[lld] 53eb7fd - [lld-macho] Support binding dysyms to any section
Jez Ng via llvm-commits
llvm-commits at lists.llvm.org
Thu Jul 2 21:21:33 PDT 2020
Author: Jez Ng
Date: 2020-07-02T21:21:01-07:00
New Revision: 53eb7fda51f27b1b098fd6d5c9385948e891e800
URL: https://github.com/llvm/llvm-project/commit/53eb7fda51f27b1b098fd6d5c9385948e891e800
DIFF: https://github.com/llvm/llvm-project/commit/53eb7fda51f27b1b098fd6d5c9385948e891e800.diff
LOG: [lld-macho] Support binding dysyms to any section
Previously, we only supported binding dysyms to the GOT. This
diff adds support for binding them to any arbitrary section. C++
programs appear to use this, I believe for vtables and type_info.

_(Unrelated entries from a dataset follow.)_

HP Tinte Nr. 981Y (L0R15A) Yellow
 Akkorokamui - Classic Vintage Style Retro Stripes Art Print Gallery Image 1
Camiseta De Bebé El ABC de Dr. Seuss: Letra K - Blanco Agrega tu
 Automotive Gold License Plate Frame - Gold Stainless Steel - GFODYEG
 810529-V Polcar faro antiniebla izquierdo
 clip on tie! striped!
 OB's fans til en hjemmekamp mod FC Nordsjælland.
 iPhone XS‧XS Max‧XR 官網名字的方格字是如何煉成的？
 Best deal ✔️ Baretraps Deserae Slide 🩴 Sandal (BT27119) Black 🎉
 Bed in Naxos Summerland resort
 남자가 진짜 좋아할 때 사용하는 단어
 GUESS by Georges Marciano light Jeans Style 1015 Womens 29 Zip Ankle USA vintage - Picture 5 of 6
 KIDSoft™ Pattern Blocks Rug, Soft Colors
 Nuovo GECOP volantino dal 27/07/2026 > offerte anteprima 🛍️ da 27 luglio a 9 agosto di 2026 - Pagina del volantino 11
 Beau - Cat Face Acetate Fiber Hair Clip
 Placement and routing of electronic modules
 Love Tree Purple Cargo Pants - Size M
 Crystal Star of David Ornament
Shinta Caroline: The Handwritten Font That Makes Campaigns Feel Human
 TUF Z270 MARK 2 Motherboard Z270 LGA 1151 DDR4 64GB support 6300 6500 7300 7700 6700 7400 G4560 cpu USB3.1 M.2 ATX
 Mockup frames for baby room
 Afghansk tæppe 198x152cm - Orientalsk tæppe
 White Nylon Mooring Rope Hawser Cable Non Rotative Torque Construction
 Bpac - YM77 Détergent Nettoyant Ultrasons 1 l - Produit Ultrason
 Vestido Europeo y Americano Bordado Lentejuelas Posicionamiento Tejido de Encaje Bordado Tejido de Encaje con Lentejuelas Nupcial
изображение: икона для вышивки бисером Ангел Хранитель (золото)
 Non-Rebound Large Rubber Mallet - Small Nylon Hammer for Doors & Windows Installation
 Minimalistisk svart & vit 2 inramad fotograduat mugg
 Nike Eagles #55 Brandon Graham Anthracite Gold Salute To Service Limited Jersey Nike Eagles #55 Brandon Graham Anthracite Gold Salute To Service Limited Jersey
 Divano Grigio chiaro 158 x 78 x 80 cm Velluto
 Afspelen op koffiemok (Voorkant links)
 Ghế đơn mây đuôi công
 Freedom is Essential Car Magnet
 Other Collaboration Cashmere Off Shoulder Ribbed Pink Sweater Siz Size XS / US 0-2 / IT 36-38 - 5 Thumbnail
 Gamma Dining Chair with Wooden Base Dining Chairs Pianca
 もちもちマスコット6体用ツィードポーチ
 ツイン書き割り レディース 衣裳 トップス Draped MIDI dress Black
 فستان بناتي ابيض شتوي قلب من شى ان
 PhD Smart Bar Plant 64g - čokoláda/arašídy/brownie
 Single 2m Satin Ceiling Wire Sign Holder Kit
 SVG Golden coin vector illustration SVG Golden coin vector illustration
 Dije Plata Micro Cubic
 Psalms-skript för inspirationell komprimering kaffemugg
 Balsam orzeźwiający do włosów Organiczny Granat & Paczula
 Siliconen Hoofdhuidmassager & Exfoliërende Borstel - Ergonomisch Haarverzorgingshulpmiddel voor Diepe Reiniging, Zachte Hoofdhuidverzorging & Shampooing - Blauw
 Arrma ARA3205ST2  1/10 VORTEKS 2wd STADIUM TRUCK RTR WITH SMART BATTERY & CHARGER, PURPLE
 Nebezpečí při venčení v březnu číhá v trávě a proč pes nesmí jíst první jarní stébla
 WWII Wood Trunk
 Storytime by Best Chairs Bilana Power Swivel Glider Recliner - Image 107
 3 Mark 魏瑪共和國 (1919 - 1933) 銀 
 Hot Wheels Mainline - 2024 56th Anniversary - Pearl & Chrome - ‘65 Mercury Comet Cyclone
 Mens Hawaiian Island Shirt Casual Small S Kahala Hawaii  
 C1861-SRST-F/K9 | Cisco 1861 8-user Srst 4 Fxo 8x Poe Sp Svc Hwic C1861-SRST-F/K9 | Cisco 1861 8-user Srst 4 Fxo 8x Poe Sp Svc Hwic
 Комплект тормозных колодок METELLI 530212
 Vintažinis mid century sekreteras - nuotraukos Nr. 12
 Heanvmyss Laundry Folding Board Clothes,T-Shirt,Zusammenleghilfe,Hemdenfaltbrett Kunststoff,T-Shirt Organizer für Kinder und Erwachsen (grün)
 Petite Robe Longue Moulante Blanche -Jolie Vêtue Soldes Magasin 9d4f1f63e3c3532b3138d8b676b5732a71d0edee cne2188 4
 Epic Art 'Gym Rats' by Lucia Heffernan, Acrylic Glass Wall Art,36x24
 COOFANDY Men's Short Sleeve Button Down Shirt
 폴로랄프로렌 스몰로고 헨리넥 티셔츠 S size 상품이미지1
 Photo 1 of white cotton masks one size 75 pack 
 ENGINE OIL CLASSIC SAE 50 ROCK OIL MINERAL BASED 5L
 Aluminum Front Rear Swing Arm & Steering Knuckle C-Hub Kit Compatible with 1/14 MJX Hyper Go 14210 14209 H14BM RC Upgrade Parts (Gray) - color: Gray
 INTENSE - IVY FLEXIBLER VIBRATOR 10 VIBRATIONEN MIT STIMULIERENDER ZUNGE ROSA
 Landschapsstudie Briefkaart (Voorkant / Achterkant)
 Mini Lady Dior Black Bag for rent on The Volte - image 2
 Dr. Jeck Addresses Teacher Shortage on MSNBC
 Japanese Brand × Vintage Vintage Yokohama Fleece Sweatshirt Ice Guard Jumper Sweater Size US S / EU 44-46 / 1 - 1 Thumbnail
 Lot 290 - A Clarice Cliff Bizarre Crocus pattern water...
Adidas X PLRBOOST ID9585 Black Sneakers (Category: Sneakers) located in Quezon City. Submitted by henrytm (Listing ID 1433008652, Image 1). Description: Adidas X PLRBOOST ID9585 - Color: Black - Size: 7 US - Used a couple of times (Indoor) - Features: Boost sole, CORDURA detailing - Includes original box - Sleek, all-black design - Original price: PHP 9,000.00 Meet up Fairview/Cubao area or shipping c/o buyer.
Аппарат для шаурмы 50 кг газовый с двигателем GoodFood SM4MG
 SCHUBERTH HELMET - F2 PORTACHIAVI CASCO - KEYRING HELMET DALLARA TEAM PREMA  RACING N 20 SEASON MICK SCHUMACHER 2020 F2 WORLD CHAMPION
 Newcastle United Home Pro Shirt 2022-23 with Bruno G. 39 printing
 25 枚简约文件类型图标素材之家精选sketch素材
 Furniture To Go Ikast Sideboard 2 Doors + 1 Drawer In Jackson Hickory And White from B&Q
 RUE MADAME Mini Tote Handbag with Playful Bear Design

This diff also makes our bind opcode encoding a bit smarter -- we now
encode just the differences between bindings, which will make things
more compact.
I was initially concerned about the performance overhead of iterating
over these relocations, but it turns out that the number of such
relocations is small. A quick analysis of my llvm-project build
directory showed that < 1.3% out of ~7M relocations are RELOC_UNSIGNED
bindings to symbols (including both dynamic and static symbols).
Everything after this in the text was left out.